Task:
Return the data below exactly, but only from the line containing "Linen Blend Sweetheart" through the line containing "Ulissa Drop Waist", with both of those lines included.

-- Supplied data follows --

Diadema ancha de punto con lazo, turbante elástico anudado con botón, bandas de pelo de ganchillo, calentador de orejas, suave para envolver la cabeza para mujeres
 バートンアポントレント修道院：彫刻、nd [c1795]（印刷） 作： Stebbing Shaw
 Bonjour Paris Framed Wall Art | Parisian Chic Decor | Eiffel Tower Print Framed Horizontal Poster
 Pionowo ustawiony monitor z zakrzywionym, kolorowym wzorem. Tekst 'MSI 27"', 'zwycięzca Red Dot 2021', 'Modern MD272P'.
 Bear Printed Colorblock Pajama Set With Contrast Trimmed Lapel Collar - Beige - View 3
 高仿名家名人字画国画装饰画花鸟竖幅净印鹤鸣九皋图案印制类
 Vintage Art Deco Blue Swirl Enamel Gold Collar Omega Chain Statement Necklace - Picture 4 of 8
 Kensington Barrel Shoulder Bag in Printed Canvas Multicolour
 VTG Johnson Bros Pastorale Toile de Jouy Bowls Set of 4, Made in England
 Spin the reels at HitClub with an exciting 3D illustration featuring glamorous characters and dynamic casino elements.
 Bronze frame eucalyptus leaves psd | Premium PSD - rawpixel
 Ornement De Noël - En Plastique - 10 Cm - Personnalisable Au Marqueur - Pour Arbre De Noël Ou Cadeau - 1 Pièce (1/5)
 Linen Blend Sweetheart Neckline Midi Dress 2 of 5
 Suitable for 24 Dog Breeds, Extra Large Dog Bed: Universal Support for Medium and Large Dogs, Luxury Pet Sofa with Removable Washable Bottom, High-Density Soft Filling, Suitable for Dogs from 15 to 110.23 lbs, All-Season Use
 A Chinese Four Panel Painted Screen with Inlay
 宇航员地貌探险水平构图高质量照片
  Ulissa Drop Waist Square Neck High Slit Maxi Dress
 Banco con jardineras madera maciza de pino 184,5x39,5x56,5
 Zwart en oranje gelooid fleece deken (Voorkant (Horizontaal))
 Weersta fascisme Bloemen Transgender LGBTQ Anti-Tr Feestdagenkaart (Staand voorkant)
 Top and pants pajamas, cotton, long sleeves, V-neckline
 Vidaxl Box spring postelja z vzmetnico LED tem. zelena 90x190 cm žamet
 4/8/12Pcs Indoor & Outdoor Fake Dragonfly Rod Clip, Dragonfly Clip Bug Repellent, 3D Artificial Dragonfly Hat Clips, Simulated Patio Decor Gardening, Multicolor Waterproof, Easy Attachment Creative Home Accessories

-- Supplied data concluded --

Written response:
 Linen Blend Sweetheart Neckline Midi Dress 2 of 5
 Suitable for 24 Dog Breeds, Extra Large Dog Bed: Universal Support for Medium and Large Dogs, Luxury Pet Sofa with Removable Washable Bottom, High-Density Soft Filling, Suitable for Dogs from 15 to 110.23 lbs, All-Season Use
 A Chinese Four Panel Painted Screen with Inlay
 宇航员地貌探险水平构图高质量照片
  Ulissa Drop Waist Square Neck High Slit Maxi Dress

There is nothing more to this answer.